Le temps au théâtre

12.06.2017
Samuel Beckett (1906-1989), affiche de théâtre pour une mise en scène par Roslaw Szaybo en Pologne (Source Bibliothèque nationale de France)

Samuel Beckett (1906-1989), affiche de théâtre pour une mise en scène par Roslaw Szaybo en Pologne (Source Bibliothèque nationale de France)

Le temps au théâtre, par Eve Mascarau

Le théâtre est un lieu de conventions. La première d’entre elles est de feindre de croire à ce qui se passe sur le plateau, de faire « comme si c’était vrai ». Or, on le sait bien : les comédiens ne sont pas leurs personnages, les décors ne se poursuivent pas en coulisses et le temps, bien qu’il suive son cours normal durant la représentation, connaît dans la fiction des accélérations, des retours en arrière ou des ellipses. Un acteur sort de scène, enfile une veste et une écharpe et rentre aussitôt : six mois se sont écoulés ! Il se grime et blanchit ses cheveux, ce sont dix années !

L’écriture ne s’est pas toujours montrée aussi flexible. Le vœu de faire tenir le temps de la pièce en une seule journée remonte à Aristote et sa Poétique. C’est lui que les auteurs du siècle classique reprennent au nom de la vraisemblance, qui à son tour affecte d’ignorer le mensonge tacite sur lequel repose toute représentation.
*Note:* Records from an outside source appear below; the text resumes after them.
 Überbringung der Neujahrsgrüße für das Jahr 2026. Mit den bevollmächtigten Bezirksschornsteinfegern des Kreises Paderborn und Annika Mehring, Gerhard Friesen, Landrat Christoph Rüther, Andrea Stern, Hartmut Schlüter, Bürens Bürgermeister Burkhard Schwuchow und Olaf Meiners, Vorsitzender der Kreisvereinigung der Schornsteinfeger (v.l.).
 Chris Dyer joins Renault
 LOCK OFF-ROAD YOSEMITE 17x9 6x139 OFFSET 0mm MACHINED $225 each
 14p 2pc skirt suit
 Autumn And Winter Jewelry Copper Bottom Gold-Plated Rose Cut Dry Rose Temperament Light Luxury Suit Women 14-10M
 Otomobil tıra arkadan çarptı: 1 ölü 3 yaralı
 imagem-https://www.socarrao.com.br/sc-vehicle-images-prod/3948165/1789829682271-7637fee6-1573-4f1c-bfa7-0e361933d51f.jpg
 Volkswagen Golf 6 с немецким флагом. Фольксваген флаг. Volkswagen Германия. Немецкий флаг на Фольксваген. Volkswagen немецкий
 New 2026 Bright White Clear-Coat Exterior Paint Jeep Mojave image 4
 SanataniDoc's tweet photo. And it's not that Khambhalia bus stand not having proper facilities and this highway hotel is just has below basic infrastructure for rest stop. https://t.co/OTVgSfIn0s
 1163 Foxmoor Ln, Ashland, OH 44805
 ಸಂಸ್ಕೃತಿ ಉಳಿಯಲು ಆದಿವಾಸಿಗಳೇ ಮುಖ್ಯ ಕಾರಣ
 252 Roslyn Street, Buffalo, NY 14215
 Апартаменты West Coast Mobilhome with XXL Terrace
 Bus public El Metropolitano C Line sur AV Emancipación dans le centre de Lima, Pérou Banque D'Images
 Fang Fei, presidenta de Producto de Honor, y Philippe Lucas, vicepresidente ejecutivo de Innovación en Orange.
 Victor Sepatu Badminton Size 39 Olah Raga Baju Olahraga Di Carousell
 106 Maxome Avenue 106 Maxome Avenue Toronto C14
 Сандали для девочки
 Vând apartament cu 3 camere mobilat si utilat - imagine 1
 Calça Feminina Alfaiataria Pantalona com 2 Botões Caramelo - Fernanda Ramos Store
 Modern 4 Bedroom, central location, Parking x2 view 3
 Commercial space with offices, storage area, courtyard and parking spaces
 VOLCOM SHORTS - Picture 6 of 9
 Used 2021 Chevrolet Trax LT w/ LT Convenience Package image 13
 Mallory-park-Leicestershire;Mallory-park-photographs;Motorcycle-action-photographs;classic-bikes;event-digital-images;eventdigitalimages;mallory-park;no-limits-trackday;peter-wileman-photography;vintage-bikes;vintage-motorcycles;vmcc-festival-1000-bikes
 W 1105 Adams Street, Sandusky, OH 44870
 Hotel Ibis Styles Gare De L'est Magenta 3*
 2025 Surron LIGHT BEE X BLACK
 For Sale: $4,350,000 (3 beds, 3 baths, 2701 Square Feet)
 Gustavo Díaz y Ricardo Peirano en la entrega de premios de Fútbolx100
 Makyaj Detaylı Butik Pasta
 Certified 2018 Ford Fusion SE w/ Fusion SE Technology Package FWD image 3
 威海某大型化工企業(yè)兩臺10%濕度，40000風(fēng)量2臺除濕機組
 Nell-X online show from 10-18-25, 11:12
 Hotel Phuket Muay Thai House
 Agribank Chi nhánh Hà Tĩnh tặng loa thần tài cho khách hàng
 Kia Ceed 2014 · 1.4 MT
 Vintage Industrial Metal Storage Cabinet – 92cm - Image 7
Il faut attendre Hugo et le drame romantique pour se défaire de cette contrainte : chez lui les personnages traversent les lieux et l’action dramatique s’étire dans le temps.

Dès le XXe siècle les choses s’accélèrent encore et les avant-gardes jouent avec la densité temporelle : le théâtre ne peut-il pas se jouer de l’horloge ? Beckett met en scène l’attente de son Godot et plus souvent encore s’amuse des cycles, qui font se reproduire chaque jour les mêmes événements, chaque soir les mêmes représentations… Est-ce tout à fait la même chose qui se passe dans la répétition ? Voici les mystères du temps et du théâtre eux-mêmes mis en scène.

 

Docteur en arts du spectacle, Eve Mascarau est chercheuse et enseignante à l’Ecole normale supérieure.